The Prime Minister began by comparing today with 30 years ago, saying that then were equally difficult but much more fateful, unrepeatable times, and that in fact a direct comparison could not be made. On the quality of the political dialogue then and now, he said there was no difference, but that then there had been a national that was reflected in the result of the plebiscite. “If that unity had not been there, the big question would be what the final outcome of the independence process would have been, and above all, when would we have reached this step and what would have been the price.”
Regarding the level of political dialogue, the Prime Minister said that the death threats today were no different from those heard back then. “They were made mainly in Belgrade, in the ranks of the Yugoslav army, and in the ranks of those who were vocal opponents of Slovenia’s independence. Today, however, it has somehow become a kind of folklore refrain of left-wing political parties.” Janša stressed that the daily political struggle may be fierce, but when it came to national interests and key issues, such as independence at the time or, more recently, the fight against the epidemic, there was a need to stand together.

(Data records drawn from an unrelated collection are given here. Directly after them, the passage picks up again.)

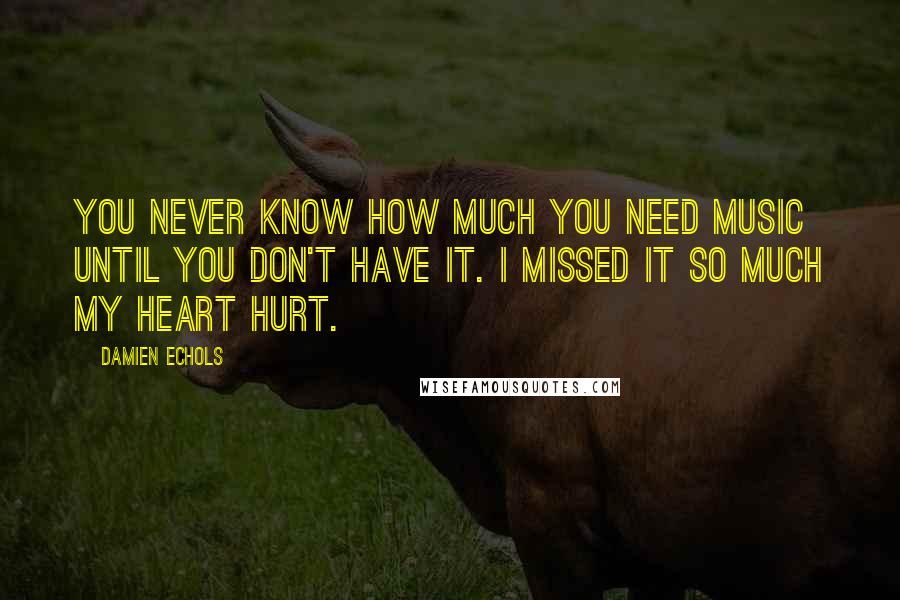 Damien Echols Quotes: You never know how much you need music until you don't have it. I missed it so much my heart hurt.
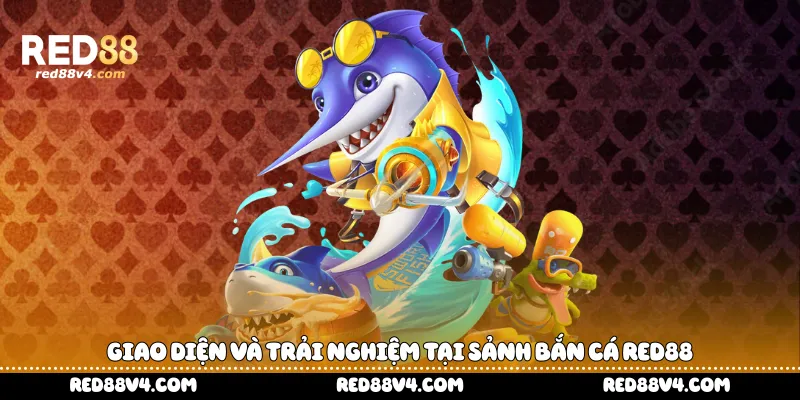 Giao diện và trải nghiệm tại sảnh Bắn cá red88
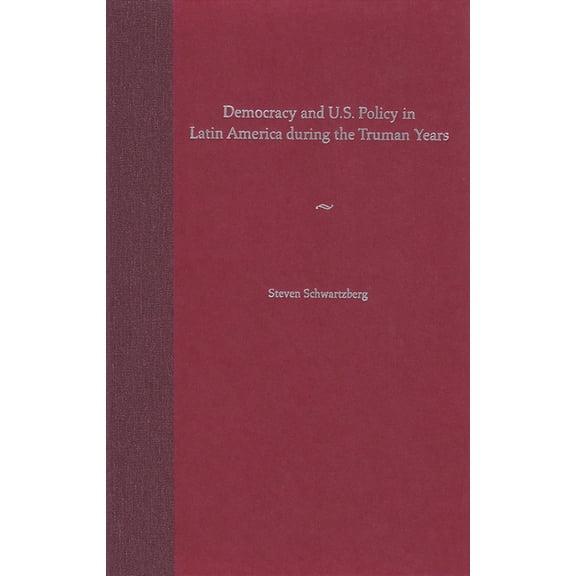 Democracy and U.S. Policy in Latin America During the Truman Years, (Paperback)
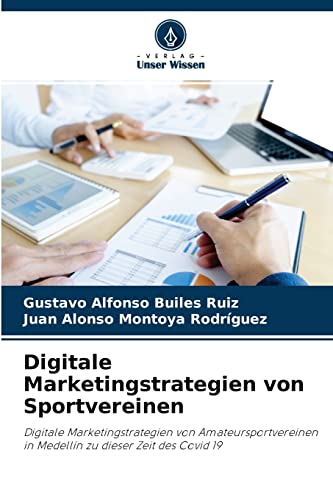 Digitale Marketingstrategien von Sportvereinen: Digitale Marketingstrategien von Amateursportvereinen in Medellín zu dieser Zeit des Covid 19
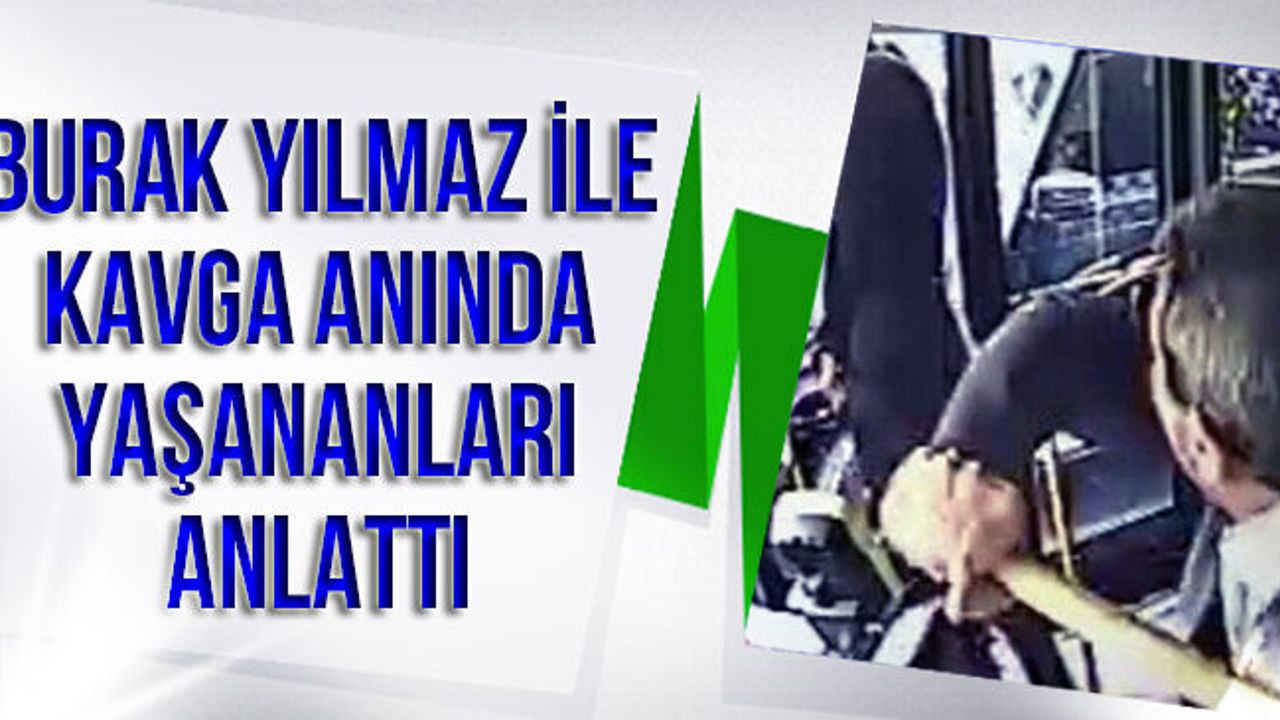 İETT Şöförü Burak Yılmaz İle Yaşadığı Kavgayı Anlattı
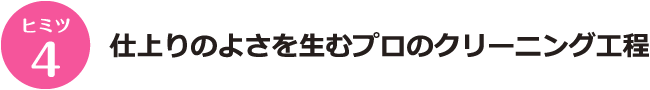 ヒミツ4 仕上りのよさを生むプロのクリーニング工程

Talking about the achievements of the last 30 years, the Prime Minister pointed out that last week Slovenia was recognised as the fifth safest country in the world. “Security is one of the fundamentals. If we are threatened, as we were 30 years ago, then everything else is less important. If someone threatens your life, then you don’t think about what kind of house you are going to build and what kind of salary you are going to get.” Three weeks ago, a sustainable development survey conducted among 165 UN Member States was published. Slovenia is in the top ten in terms of its sustainable development. Despite the fact that we have some ecological problems, our beautiful natural environment has been preserved for future generations to a high level when compared to others, and this is of immense value.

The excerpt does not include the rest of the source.